=== Section Start ===

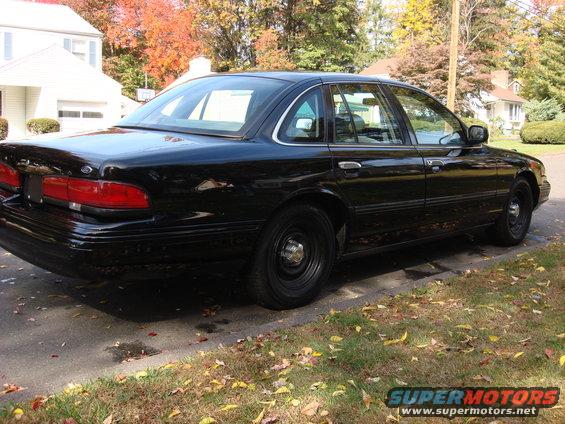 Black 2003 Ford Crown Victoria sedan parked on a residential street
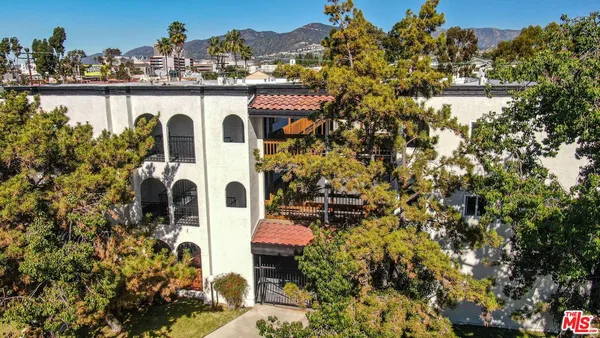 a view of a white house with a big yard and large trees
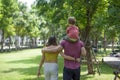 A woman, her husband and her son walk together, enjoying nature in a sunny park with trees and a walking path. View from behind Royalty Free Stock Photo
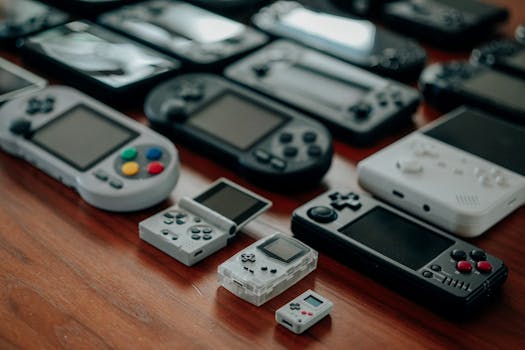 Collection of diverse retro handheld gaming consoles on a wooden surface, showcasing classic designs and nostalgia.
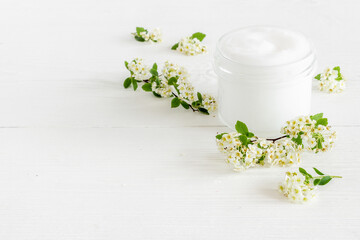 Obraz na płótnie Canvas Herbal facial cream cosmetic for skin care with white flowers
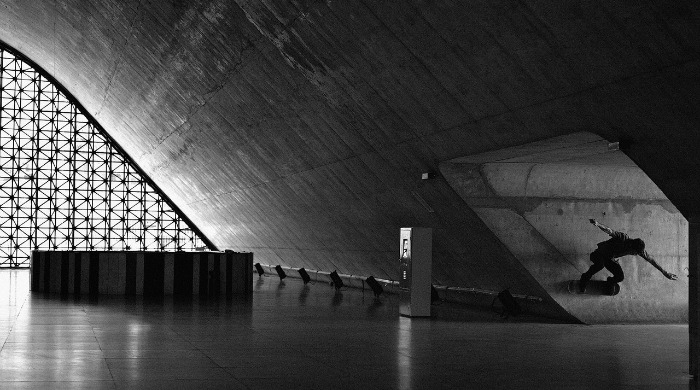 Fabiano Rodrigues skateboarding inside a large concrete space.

=== Section End ===
=== Section Start ===

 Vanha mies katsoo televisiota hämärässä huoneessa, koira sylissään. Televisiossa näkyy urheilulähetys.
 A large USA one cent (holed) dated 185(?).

=== Section End ===

*TRY IT*
Above, find the line with "A woman, her"; copy it and every line down to the line with "Collection of diverse", exactly and both included, but no pictures.

*SOLVED EXERCISE*
 A woman, her husband and her son walk together, enjoying nature in a sunny park with trees and a walking path. View from behind Royalty Free Stock Photo
 Collection of diverse retro handheld gaming consoles on a wooden surface, showcasing classic designs and nostalgia.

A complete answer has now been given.